Doom Eternal for worrywarts

Or, how I managed to stress out about a game about shotguns and demons

As someone who spends a great deal of time worrying over whether his writing is sufficiently deep, I came into Doom Eternal with a degree of skepticism. Could I, a refined individual of taste, enjoy a game whose aesthetic could accurately be described as “What if Justin McElroy was constantly doing the Munch Squad Theme while you make Pollock paintings out of demon brains?” Could you put a shotgun in my hand, gently pat me on the butt, and shove me in the direction of Hell?

Despite having played games my whole life, and despite having derived a great deal of joy and connection with others through the hobby, whenever I boot up a new game, I feel the need to justify it to myself. Well, putting aside the zombies, The Last of Us Part II is actually a study in multi-POV writing and mimics the way competing close-third or first-person narratives challenge the reader into a productive discomfort and produce a healthy distrust of hermetic stories of redemption or revenge. And did I mention the zombies? In a very real way, when considering buying a game, my mental calculation has become less about whether it might be fun and more about whether it might be ~~worthwhile~~. My reasoning for this is simple: I meant to finish writing a book in 2019, and here I am in 2021 with my new gray hairs, and so any time not spent in the service of that or my marriage or my job or my dog is time that could be spent on the book. Thus, anxiety has done what anxiety does: making joy into the abdication of personal responsibility and artistic ambition.
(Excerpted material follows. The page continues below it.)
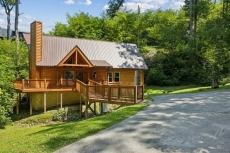 Creekside Manor - Summit Cabin Rentals
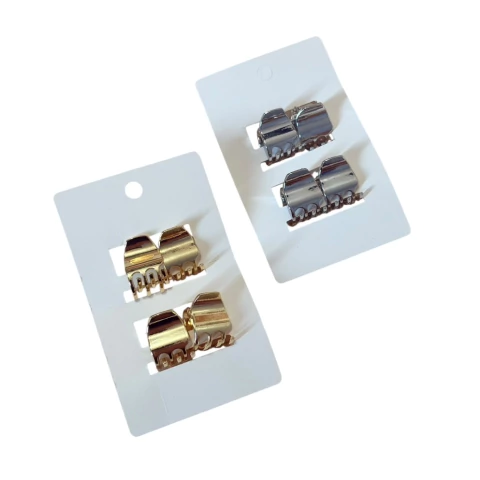 Transforme seu visual com a Presilha Mini Piranha de Metal! Cada pacote contém 4 unidades dessa peça incrível, ideal para quem busca praticidade e estilo.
Enter Doom Eternal. One main story and the first of two DLCs later, I can safely say I’ve never played anything with less pretense. You play as “Doom Slayer,” a name so cratylic it circles back around to parodic. You start the game with one kind of shotgun and later earn a super shotgun, which, per its name, is like the other shotgun, but more. You have both a machete-like blade that extends from your forearm armor and a chainsaw that materializes when it is time to extract ammunition from the demon equivalent of Putties. The soundtrack accompanying your actions is a mixture between heavy metal and dubstep. The normal difficulty is called “Hurt Me Plenty.” It’s all rad as shit.

I’ve enjoyed the time I’ve spent with Doom Eternal. Does it have anything to say about the nature of sin, violence, or the multiplicity of shotguns? No. It’s big and loud and goes boom. Its main emotional export is that dumb grin you get from over-the-top things. Once I finish the final DLC, I probably won’t think about it again. So was it worth it?

Probably the wrong question. In some ways, I find myself revisiting the same questions I had more than a year ago playing Animal Crossing: New Horizons. Is it possible for me to play games anymore without thinking about the inexorable passage of time? Maybe not. When you’ve vocationalized your art, that same mentality turns back on leisure. When you’ve internalized the idea that work is worth, despite your evangelical efforts to convince friends to take care of themselves and take more breaks, the idea that you might spend a sliver of your life on something that produces nothing but silly glee becomes a reason to stress out even more.

Which is to say, Doom Eternal challenges me. Not intellectually. No. Absolutely not. But leisurely. It’s a very gamey game. You play it and have fun. That’s it. In being nothing but a good time, it asks me to have a good time. A good time with no pretense. A good time that goes boom. A good time with the time I have.

And yet here I am writing about it, making work out of play.